WASHINGTON — President Barack Obama’s proposed 2015 budget drops funding for purchases of the Navy’s unmanned, rotary-winged Fire Scout aircraft, which takes off and lands from ships and is being built in Moss Point, Miss., home state of Navy Secretary Ray Mabus.
Even more ominous for the Fire Scout program, the Navy’s five-year plan zeroes out its funding after purchasing the first 40 of them, heightening prospects that it might be among defense systems most endangered in a wave of budget cuts.
However, the funding freeze wouldn’t affect deliveries of 17 aircraft of an upgraded model that’s still being tested with money committed previously. That version is larger, is equipped with radar to help identify surveillance targets, can carry weapons and can fly farther than the 110-mile range of the original MQ-8B Fire Scout.
It’s unclear whether the funding cutoff will mean near-term layoffs at the Moss Point plant operated by Northrop Grumman Corp.
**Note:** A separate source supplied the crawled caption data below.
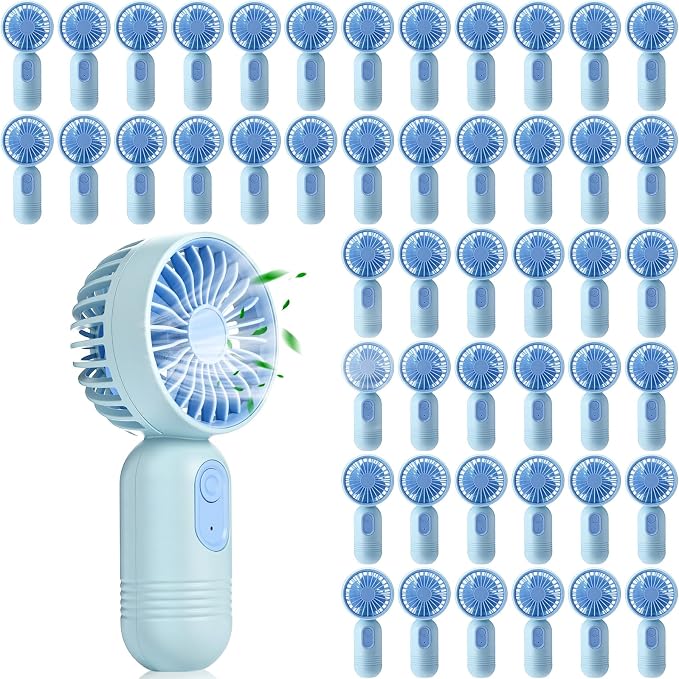 Rossesay 48 Pcs Mini Portable Fan Bulk Cute Handheld Lightweight Small Little by Rossesay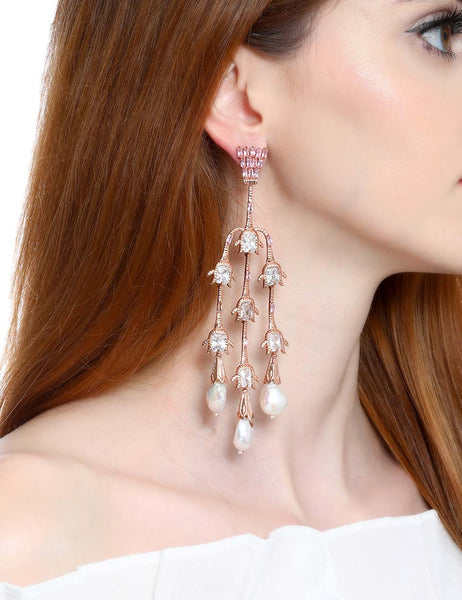 Share more than 132 pearl chandelier earrings online india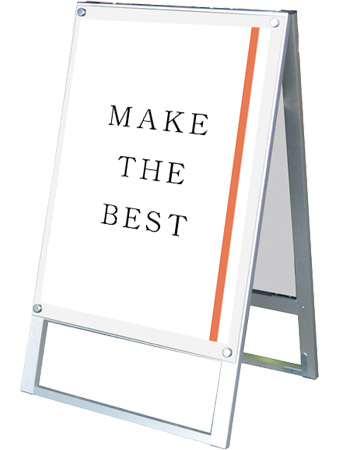常磐精工 ポスタースタンド ポスター用スタンド看板マグネジ B2両面ホワイト PSSKMN-B2RW|【店舗用品】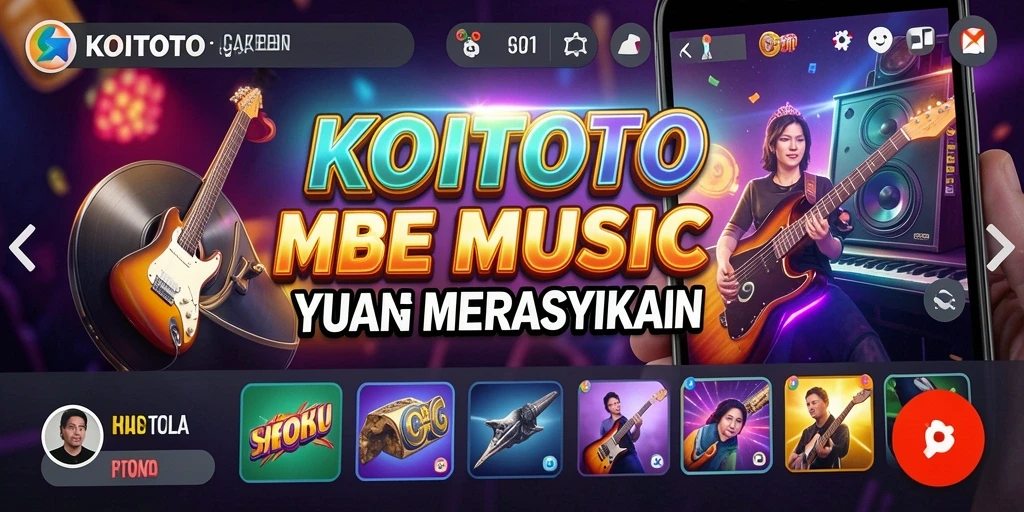 Screenshot gameplay menunjukkan momen seru bermain musik.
Warren Comer, a spokesman for the defense contractor, said the plant employed he about 70 workers, but he declined to say whether any of their jobs will be affected.
The company is “working closely with the Navy on the path forward for the Fire Scout program,” he said.
In a summary of cost changes in selected programs through Dec. 31, the Pentagon listed the Fire Scout last month among two systems that were in “critical breach” of the Nunn-McCurdy Amendment, a law aimed at reining in soaring defense costs.
But Navy officials pointed to the Fire Scout’s redesign, including a larger Bell helicopter airframe, as the main reason for a projected spike of more than $650 million from the program’s original cost of $2.79 billion.
Jamie Cosgrove, a spokeswoman for the Naval Air Systems Command, said the service still planned to proceed with the eventual purchase of 119 of the aircraft but that it had reduced the number it hoped to purchase from the original 168.
In a statement, Northrop Grumman said the Fire Scout “has proven to be highly successful” and that the company was working “to meet the urgent needs of naval and special operations forces commanders while incorporating improved capabilities into the Fire Scout system.”
There has been no sign so far as the U.S. House of Representatives weighs defense spending bills that Congress will reinstate the 2015 funding, but the process is still underway.
“We’ve supported language that would continue and sustain the Navy’s Fire Scout program,” said Laura Chambers, a spokeswoman for Republican Rep. Steven Palazzo of Mississippi, whose district includes the Moss Point plant. “We certainly don’t want to see it end.”
The MQ-8 Fire Scout was designed beginning in the early 2000s for use aboard the smaller and relatively inexpensive littoral combat ship, which was conceived to be specially outfitted for missions close to shorelines, including mine-clearing. However, the littoral program has been controversial because of cost surges, questions about the ships’ ability to withstand damages in battle and worries about their limited armaments, said a recent report by the Congressional Research Service.
In February, Defense Secretary Chuck Hagel decided to cut purchases of the vessel from 52 to 32, and the Navy said it would now consider other designs for “a capable and lethal small surface combatant.”
Northrop Grumman’s Fire Scouts have mainly been used on guided missile frigates. Capt. Patrick Smith, who oversees the Fire Scout program, said the aircraft had completed more than 4,500 operational hours in support of U.S. activities in Africa.
In 2015 budget planning, he said, the Navy “made a decision to streamline the maritime intelligence, surveillance and reconnaissance portfolio” by combining the rapid deployment capabilities of the original MQ-8B Fire Scout model with the MQ-8C, which “will have greater range, endurance and payload capacity,” reducing the need for as many aircraft. While the littoral ship carries two of the original B models, only one C model is needed, Navy officials said.
Obama’s budget “deferred” acquisition of more Fire Scouts, Smith said, “to better align” with deliveries of the littoral ships and allow for continued testing of the new MQ-8C models.